BOSTON (AP) — Multiple U.S. government agencies issued a joint alert Wednesday warning of the discovery of malicious cyber tools created by unnamed advanced threat actors that they said were capable of gaining “full system access” to multiple industrial control systems.

The public alert from the Energy and Homeland Security Departments, the FBI and National Security Agency did not name the actors or offer details on the find.

But the CEO of one of the cybersecurity companies involved in the effort, Robert M. Lee of Dragos, says it has high confidence the malware was developed by a state actor and was configured to initially target liquified natural gas and electric power sites in North America.

Lee would not name the state actor, referring questions to the U.S. government.

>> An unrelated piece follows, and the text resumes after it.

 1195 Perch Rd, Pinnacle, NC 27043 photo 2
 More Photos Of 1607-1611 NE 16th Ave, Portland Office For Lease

Nor would he explain how the malware was discovered, other than to say it was caught “before an attack was attempted.”

“We’re actually one step ahead of the adversary. None of us want them to understand where they screwed up,” said Lee. “Big win.”

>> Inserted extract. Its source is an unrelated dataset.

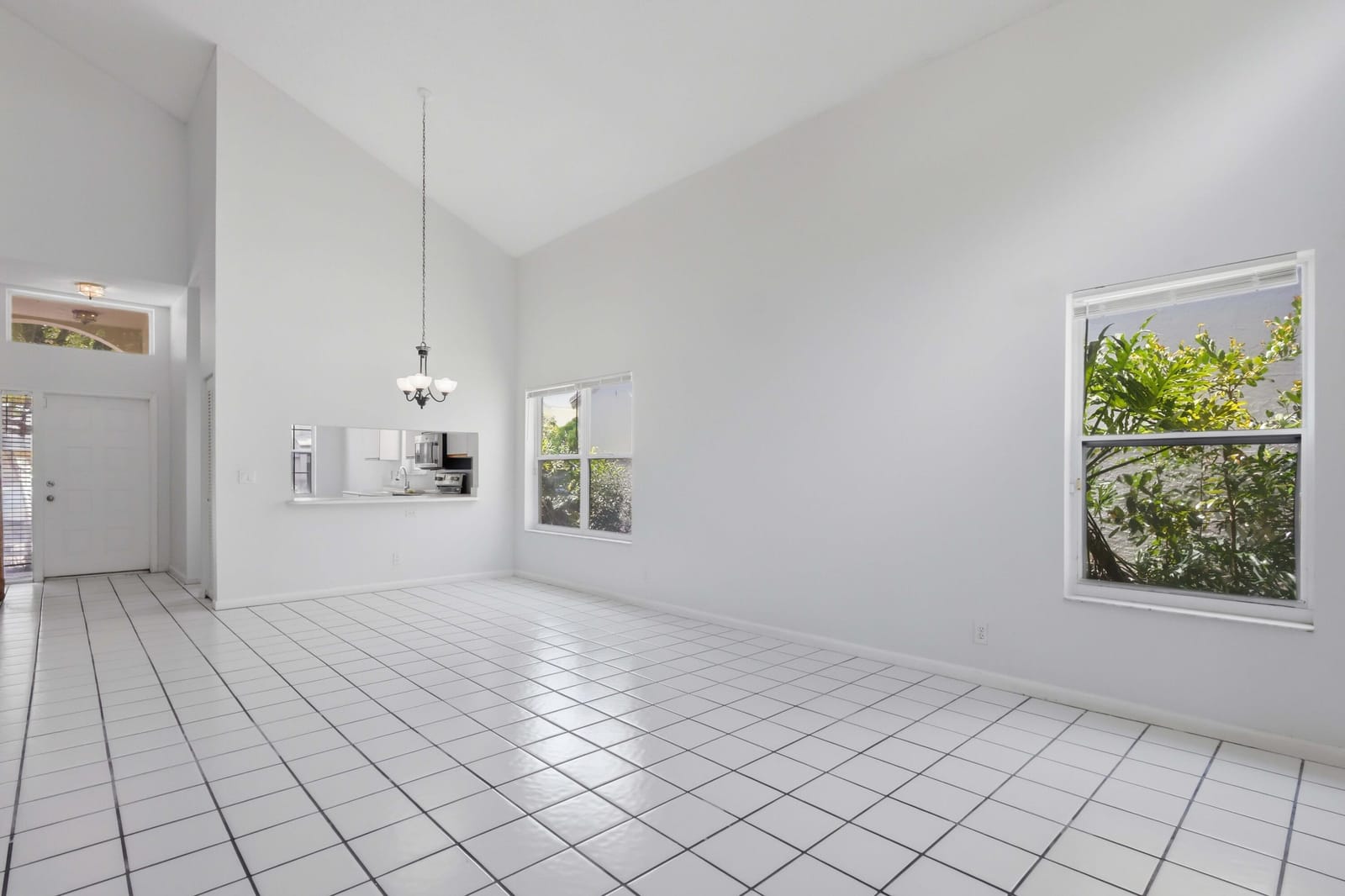 9516 NW 8TH Circle — photo 8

The Cybersecurity and Infrastructure Security Agency, which published the alert, did not immediately respond to a request for details on the discovery or threat actor.

The U.S. government has warned critical infrastructure industries the gird for possible cyberattacks from Russia as retaliation for severe economic sanctions imposed on Moscow in response to its Feb. 24 invasion of Ukraine.

Lee said the malware was “designed to be a framework to go after lots of different types of industries and be leveraged multiple times. Based on the configuration of it, the initial targets would be LNG and electric in North America.”

He said the malware, dubbed Pipedream, is only the seventh such malicious software to be identified that is designed to attack industrial control systems.

Lee said Dragos, which specializes in industrial control system protection, identified and analyzed its capability in early 2022 as part of its normal business research and in collaboration with partners.

He would offer no more specifics The U.S. government alert offers thanks to Dragos, Mandiant, Microsoft. Palo Alto Networks and Schneider Electric for their contributions.

Schneider Electric is one of the manufacturers listed in the alert whose equipment is targeted by the malware. Omron is another.